Özel’i sert şekilde eleştiren Kılıçdaroğlu, siyasi yasak istenen İstanbul Büyükşehir Belediye Başkanı Ekrem İmamoğlu’na ise sahip çıktı. “İmamoğlu için adalet yürüyüşü yapar mısınız?” sorusuna “Yaparız neden yapmayalım? Gereği neyse o yapılır. Bütün dünyaya ilan edilir. Türkiye’de adaletin olmadığını bu karar göstermiş olacak. Bu kadar açık ve net” yanıtını verdi.
”Ekrem Bey’le hala baba oğul musunuz?” sorusunu da Kılıçdaoğlu, ”Elbette. Belediye başkanlarımızla bir sorun yok zaten. Her belediye başkanımızın başarılı olmasını isterim. Güzel şeyler yapmasını isterim. Çünkü onların başarıları aynı zamanda CHP’nin başarısı demektir. Öyle bakmamız gerekiyor” diye cevapladı.

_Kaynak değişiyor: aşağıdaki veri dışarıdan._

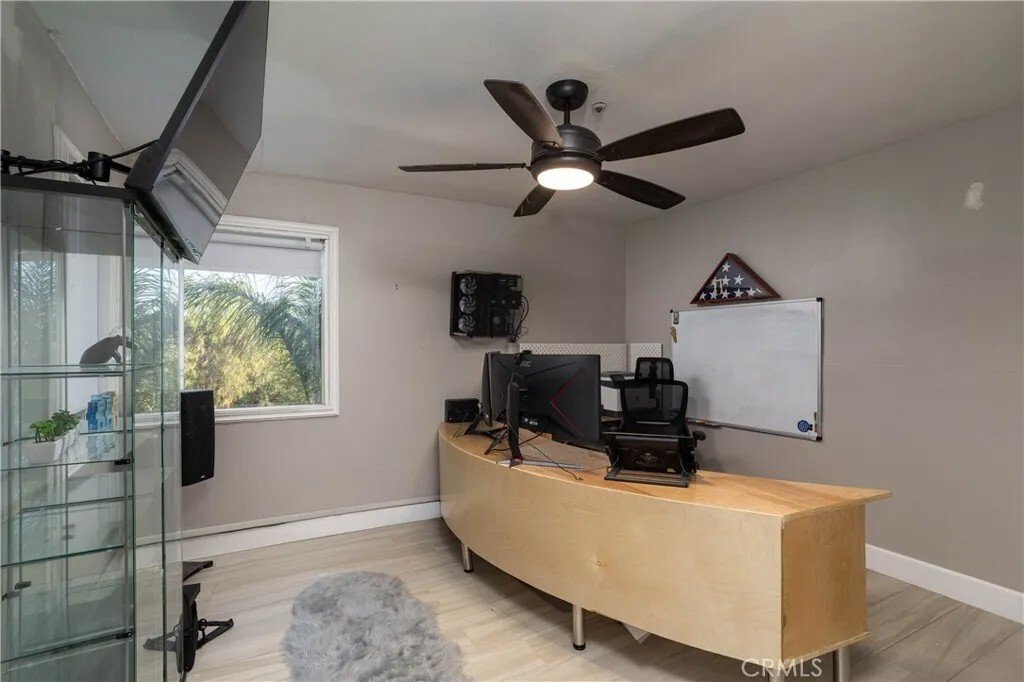 House in Santa Ana, California, United States 5 - 18481407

Kılıçdaroğlu, İmamoğlu ile Ankara Büyükşehir Belediye Başkanı Mansur Yavaş arasında gerilim olup olmadığına dair ise şunları söyledi: “Açıkça söylemek gerekirse bir Cumhurbaşkanlığı tartışması var. Bu tartışmanın bu saatte bu kadar erken saatte başlaması kadar yanlış bir şey yok. Daha uzun süre var. Herkes görevini yapmalı. İyi bir şekilde görevini yapmalı. Başarıda ve iyilikte yarışmalı. Yarışıyorlar da. Mansur Bey mesela, ‘okulları temizleyeceğim’ dedi. Hemen ‘niye temizliyorsun?’ Mahallenin çocuğu okula gidiyor kirlilik içinde. Belediye temizlemek istiyor. Sanki başka bir ülke bunu yapıyormuş gibi ‘hayır sen temizleyemezsin’ diye bu yasağı getiriyorlar. Doğru değil. Burada da aynı şekilde oldu. Pek çok yerde belediye başkanlarımızın önü kesiliyor. Ama ne yaparlarsa yapsınlar. Bizim belediye başkanlarımız halka ulaşacaktır. Halkın sorunlarını çözecek. Bütün engelleri aşmasını da bilecektir. Belediye başkanlarının görevi o. Açık ve net söyleyeyim; belediye başkanlığı ağlama duvarı değildir. Belediye başkanlığı sorunu aşıp çözüm üretme makamıdır. Halka hizmet etme makamıdır.”